外資に入ったときから、この無欲で他人を信じやすく日本の田舎の香りプンプンの純朴そのものの男があの世界で生きていけるのだろうかと陰ながら心配をしていたのですが、仕事はできる男だったようで特に問題なく順調に日々を送っていたようでした。

そんな彼が「ビジネススクール時代の友人が始めたコンサルティング会社に誘われている」とメールをよこしたのが半年前。例にもれずリーマンショックの影響か、彼の職場でも大量解雇の嵐が吹き出した頃でした。どう考えても辞めなくてもよい立場だった彼ですが、退職勧告を受けた同僚の愚痴につきあった酒の席で「オレも辞めようかと考えている」などと口走ってしまったせいか、次期の退職勧告者リストにはしっかりエントリーされていて、しかし結果的には会社都合による退職ということでちゃっかりそれなりの退職金もいただいて退職したという、運がいいのか悪いのかわからない人物です。

そんな彼、曰く。
「いやぁ、ねぇさん、オレにもダンボール箱来ちゃったよ。ほら、あの辞めていく人達が私物入れて持ち帰るためのダンボール箱。しかも、退職意思を表明した時点から、段階的に社内のイントラネット上の情報へのアクセスが制限されていくんだ。オレなんて顧客担当じゃないから辞めるとわかったら外部への挨拶も不要と思われたらしく、退職日までに許可なく顧客と接触するなとかいろんなこと書かれた書面にもサインさせられたよ。あんなもんなのかねぇ」

日系証券会社時代、転職するかどうかの相談まで上司にしていたという厚い信頼関係の中で育ってきた彼にとって、今回の退職劇はかなりシビアなものに映ったようでした。

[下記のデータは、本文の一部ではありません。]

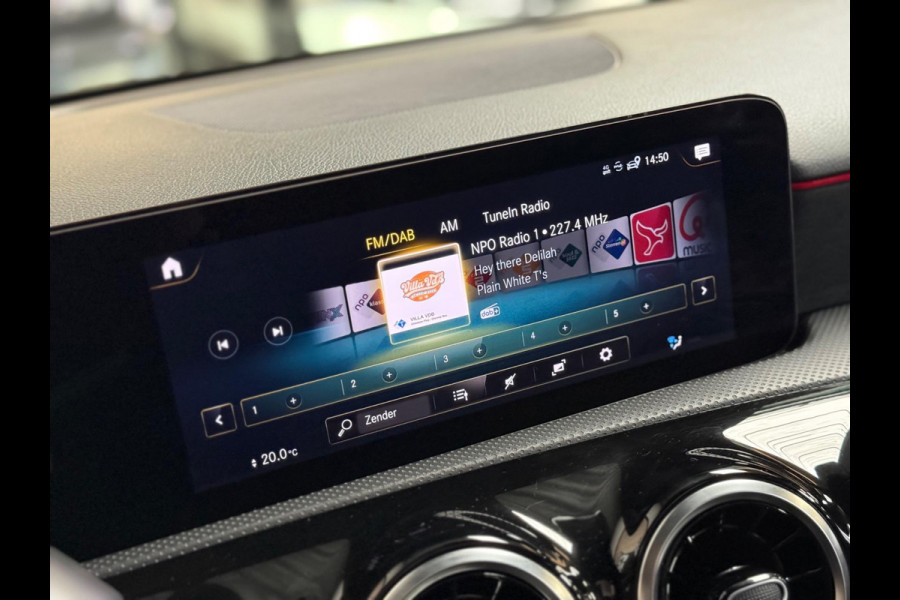 Mercedes-Benz A-Klasse 200 d Premium Plus Limo AMG Night | Pano | Burmester | Camera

「んなの当たり前でしょ。私が辞めた時なんて、その瞬間からメールのパスワード変えられたし、顧客との接触不可。その日のうちにダンボール箱来たわよ。翌日からは出社に及ばずというヤツでね。給料出るからまぁいいか、と腹くくったけど。懲戒免職でもないのにちょっとあれはねぇ。でも、会社の立場から見れば必要なことなのよね」

「へぇ、やっぱりそうなんだ。じゃあメールとかもチェックされるんかなぁ。飲み屋のおねえちゃんとの交信記録とか思いっきりヤバいメールもあるんだけど」

「時すでに遅し。全部チェックされてるよ。だいたいそんなメールに会社のアドレス使うアンタが悪いのよ」

「今度、行く会社との条件交渉や過去のヘッドハンターとのメールなんかも全部残ってるんだ」

「会社のメールアドレスなんて所詮は会社のプロパティ。ビジネス専用なんだからね。私用で使ってその内容を見るなというほうがおかしいんじゃない?」

「オレ的には飲み屋のおねえちゃんとのラブラブメールの方が心配だなぁ。後はどうでもいいんだけどさ。あのさ、うちのシステムのヤツと一緒に行った店でね、同じ女の子なんだよね、そいつが好きだったのは。ヤツ、システムにいるから見れるんかなぁ。それでね・・・」

「(絶句&無言)」。まあ通話料はコイツ持ちじゃ、延々と話したまえ、とパソコンを打ちながらふんふんと話を聞いてるフリ・・・

全ての外資系がそうだとは思いませんが、契約関係というドライな関係で結ばれているという大前提を忘れると、こうした事態に欧米企業は時として非情と映るようです。コンプライアンスがしっかりしている会社ほど、社員の退職に際しての情報漏れには厳しいルールを設けています。私も退職の際、ある日突然パスワードが変わっていたという経験をしています。システム部の同僚を軽く睨むと「Oh, Don’t look at me. I am only doing my job」と言われてはっとしました。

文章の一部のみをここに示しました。